» **What to do**
Only the lines from the line containing "Sale Dear-Lover Drawstring" to the end of the entries, both included, belong in your answer, and each must match exactly.

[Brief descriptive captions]
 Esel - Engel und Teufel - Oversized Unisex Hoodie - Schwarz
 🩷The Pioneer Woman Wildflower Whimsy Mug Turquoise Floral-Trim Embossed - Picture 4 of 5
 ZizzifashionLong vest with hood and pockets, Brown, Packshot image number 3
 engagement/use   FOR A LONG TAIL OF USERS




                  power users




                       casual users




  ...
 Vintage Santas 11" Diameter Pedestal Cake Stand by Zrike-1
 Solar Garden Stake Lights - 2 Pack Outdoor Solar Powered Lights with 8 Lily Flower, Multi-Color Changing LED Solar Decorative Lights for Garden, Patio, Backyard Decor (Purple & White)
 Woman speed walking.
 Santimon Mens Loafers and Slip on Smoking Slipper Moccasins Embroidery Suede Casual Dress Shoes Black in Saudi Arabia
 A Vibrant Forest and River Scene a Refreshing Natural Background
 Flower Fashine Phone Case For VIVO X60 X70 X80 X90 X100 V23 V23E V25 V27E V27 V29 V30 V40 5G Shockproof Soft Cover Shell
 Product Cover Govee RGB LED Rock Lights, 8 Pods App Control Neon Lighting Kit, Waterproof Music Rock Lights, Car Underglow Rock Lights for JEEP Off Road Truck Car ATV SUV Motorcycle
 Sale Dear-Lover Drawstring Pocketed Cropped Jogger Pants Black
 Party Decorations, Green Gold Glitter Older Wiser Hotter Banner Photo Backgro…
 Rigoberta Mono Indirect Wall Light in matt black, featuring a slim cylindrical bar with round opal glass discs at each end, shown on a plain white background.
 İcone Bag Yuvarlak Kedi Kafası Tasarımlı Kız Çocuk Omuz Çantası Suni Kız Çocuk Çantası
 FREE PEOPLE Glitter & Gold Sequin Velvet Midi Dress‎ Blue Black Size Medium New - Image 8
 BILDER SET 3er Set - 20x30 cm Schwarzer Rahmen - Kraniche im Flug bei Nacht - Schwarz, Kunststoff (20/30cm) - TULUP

» **Answer for the task**
 Sale Dear-Lover Drawstring Pocketed Cropped Jogger Pants Black
 Party Decorations, Green Gold Glitter Older Wiser Hotter Banner Photo Backgro…
 Rigoberta Mono Indirect Wall Light in matt black, featuring a slim cylindrical bar with round opal glass discs at each end, shown on a plain white background.
 İcone Bag Yuvarlak Kedi Kafası Tasarımlı Kız Çocuk Omuz Çantası Suni Kız Çocuk Çantası
 FREE PEOPLE Glitter & Gold Sequin Velvet Midi Dress‎ Blue Black Size Medium New - Image 8
 BILDER SET 3er Set - 20x30 cm Schwarzer Rahmen - Kraniche im Flug bei Nacht - Schwarz, Kunststoff (20/30cm) - TULUP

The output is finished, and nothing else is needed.